» Entries provided
▽

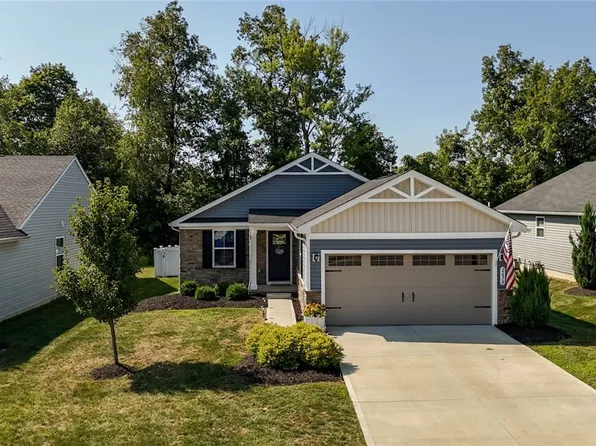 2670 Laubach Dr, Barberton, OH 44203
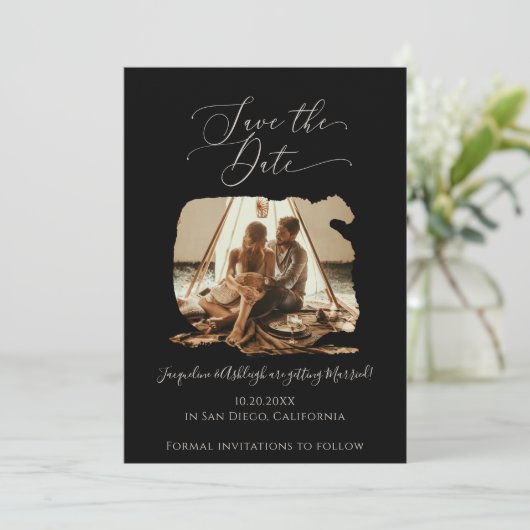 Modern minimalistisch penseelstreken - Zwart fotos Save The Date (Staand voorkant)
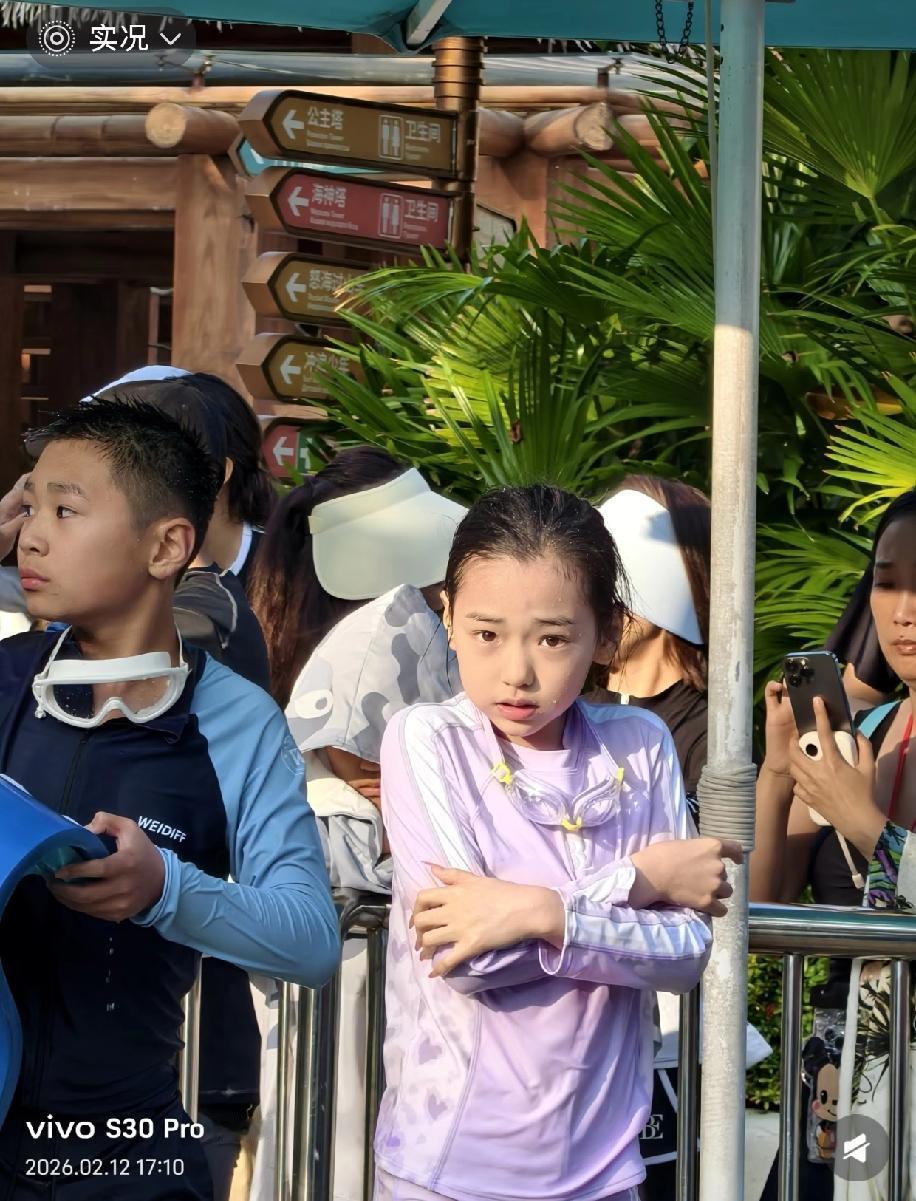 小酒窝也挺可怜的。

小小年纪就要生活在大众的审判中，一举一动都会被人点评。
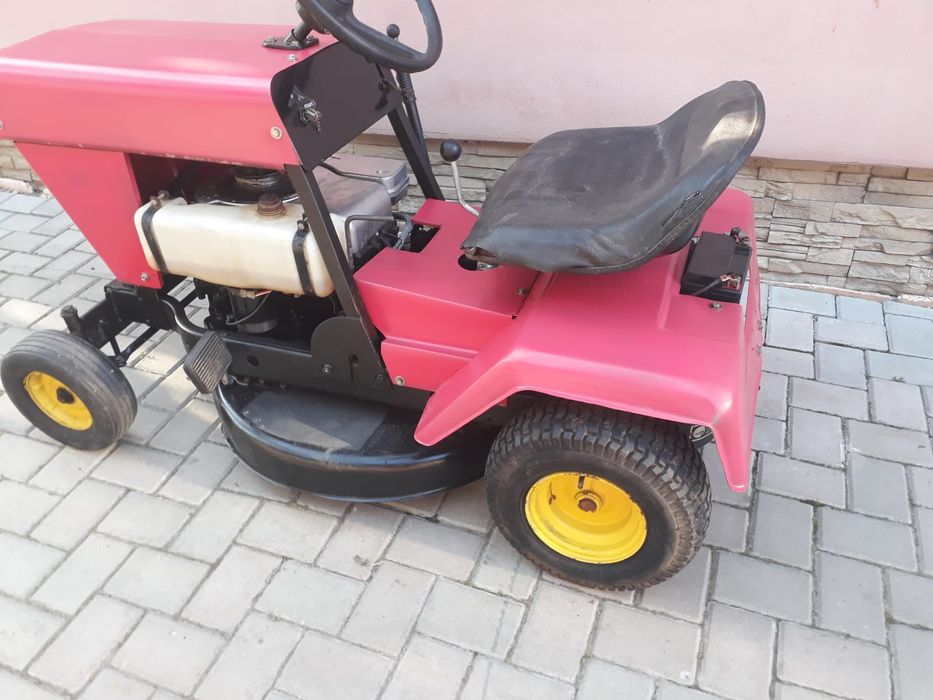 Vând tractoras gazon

△
▽

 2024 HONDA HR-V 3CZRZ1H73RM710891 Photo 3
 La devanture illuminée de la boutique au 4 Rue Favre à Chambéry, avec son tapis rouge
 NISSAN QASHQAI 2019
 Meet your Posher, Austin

△
▽

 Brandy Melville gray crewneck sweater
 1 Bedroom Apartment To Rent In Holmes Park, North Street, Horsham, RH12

△

» What to produce
Retype only the lines above between the line with "2024 HONDA HR-V 3CZRZ1H73RM710891 Photo 3" and the line with "Meet your Posher, Austin", counting those two lines as well, and keep every character as it is.

» Output of the task
 2024 HONDA HR-V 3CZRZ1H73RM710891 Photo 3
 La devanture illuminée de la boutique au 4 Rue Favre à Chambéry, avec son tapis rouge
 NISSAN QASHQAI 2019
 Meet your Posher, Austin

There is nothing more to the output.